[[ Extracted information open ]]

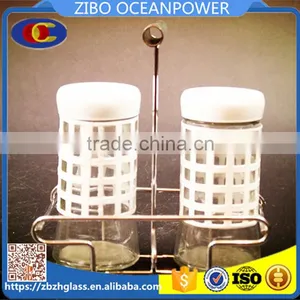 S/2 White Coat Glass Spice Jar With Basket thumbnail-1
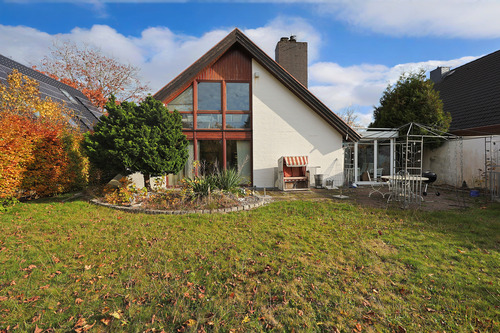 Hausansicht - 5 Zimmer Einfamilienhaus in Norderstedt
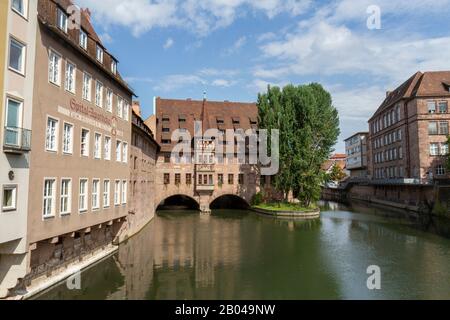 Vue sur le Kreuzigungshof et la rivière Pegnitz depuis le Museumsbrücke de Nuremberg, en Bavière, en Allemagne. Banque D'Images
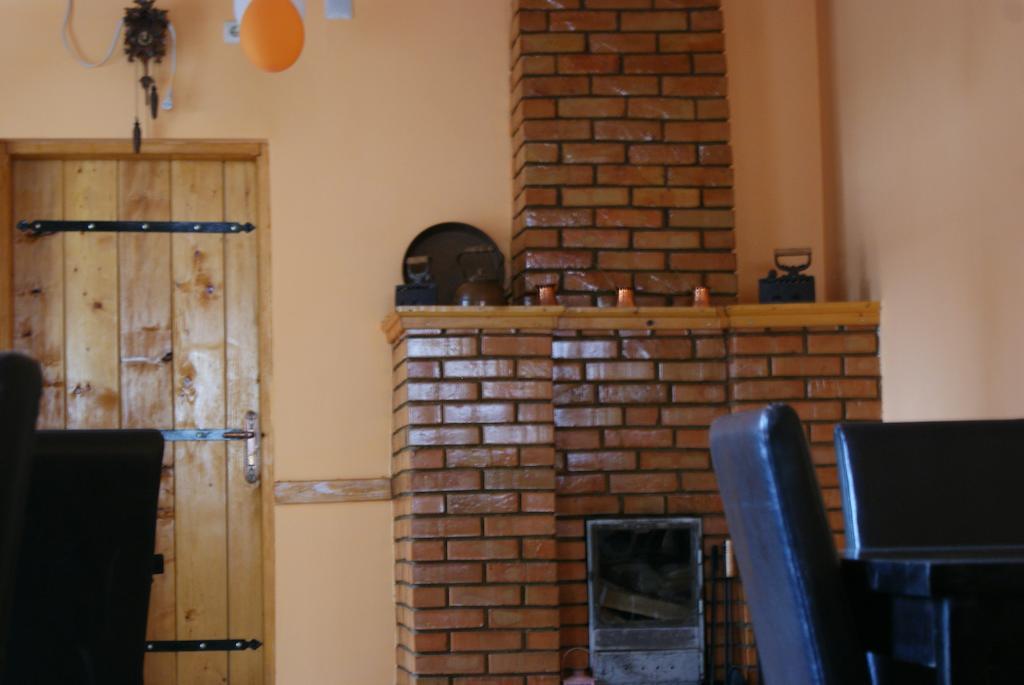 Pensiunea Bujorul Comana Bagian luar foto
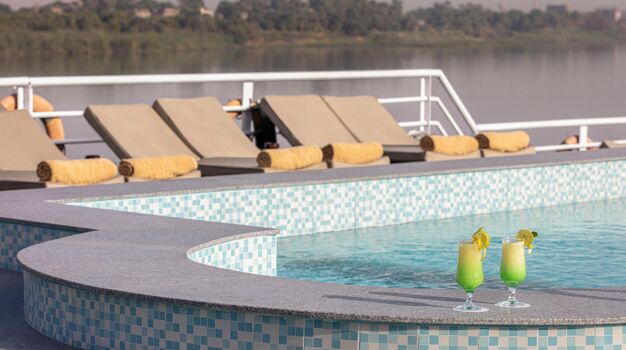 Зона отдыха у бассейна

[[ Extracted information closed ]]

- _Task brief_: All the lines above should be reproduced exactly, and none of the pictures.

- _Answer to this problem_:
 S/2 White Coat Glass Spice Jar With Basket thumbnail-1
 Hausansicht - 5 Zimmer Einfamilienhaus in Norderstedt
 Vue sur le Kreuzigungshof et la rivière Pegnitz depuis le Museumsbrücke de Nuremberg, en Bavière, en Allemagne. Banque D'Images
 Pensiunea Bujorul Comana Bagian luar foto
 Зона отдыха у бассейна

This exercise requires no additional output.